**Dataset entries:**
* * * * * * *
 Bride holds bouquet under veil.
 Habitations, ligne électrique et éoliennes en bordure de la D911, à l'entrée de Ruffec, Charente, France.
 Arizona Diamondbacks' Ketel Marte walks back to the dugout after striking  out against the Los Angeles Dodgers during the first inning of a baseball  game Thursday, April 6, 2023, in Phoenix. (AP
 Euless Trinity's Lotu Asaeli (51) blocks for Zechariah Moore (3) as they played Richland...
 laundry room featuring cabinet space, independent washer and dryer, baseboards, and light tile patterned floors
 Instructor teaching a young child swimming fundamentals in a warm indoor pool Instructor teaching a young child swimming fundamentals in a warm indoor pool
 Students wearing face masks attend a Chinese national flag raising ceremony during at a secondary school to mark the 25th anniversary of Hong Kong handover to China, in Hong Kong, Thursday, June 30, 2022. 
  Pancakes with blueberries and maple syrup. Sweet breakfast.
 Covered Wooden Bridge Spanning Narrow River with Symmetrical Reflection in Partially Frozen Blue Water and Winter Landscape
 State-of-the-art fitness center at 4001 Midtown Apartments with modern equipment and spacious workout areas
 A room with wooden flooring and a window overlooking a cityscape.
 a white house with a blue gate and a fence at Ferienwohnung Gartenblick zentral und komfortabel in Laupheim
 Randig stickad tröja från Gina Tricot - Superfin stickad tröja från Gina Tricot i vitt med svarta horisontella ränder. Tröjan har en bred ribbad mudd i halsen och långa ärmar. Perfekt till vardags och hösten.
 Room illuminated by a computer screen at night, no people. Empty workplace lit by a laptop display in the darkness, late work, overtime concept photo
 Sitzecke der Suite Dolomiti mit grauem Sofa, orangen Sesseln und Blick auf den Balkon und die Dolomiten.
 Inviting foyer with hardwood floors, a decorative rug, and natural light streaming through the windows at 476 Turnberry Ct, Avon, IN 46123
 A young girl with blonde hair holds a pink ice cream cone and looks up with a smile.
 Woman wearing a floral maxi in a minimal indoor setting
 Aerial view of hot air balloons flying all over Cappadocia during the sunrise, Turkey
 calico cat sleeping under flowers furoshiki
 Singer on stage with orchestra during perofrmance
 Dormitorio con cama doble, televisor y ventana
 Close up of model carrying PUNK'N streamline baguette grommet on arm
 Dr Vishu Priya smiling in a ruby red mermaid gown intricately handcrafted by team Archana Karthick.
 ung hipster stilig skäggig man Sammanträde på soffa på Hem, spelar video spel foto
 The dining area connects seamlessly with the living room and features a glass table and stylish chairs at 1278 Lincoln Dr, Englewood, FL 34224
* * * * * * *
**WORK REQUIRED:** Copy out each line of the data in which the word "holds" appears.

**YOUR SOLUTION:**
 Bride holds bouquet under veil.
 A young girl with blonde hair holds a pink ice cream cone and looks up with a smile.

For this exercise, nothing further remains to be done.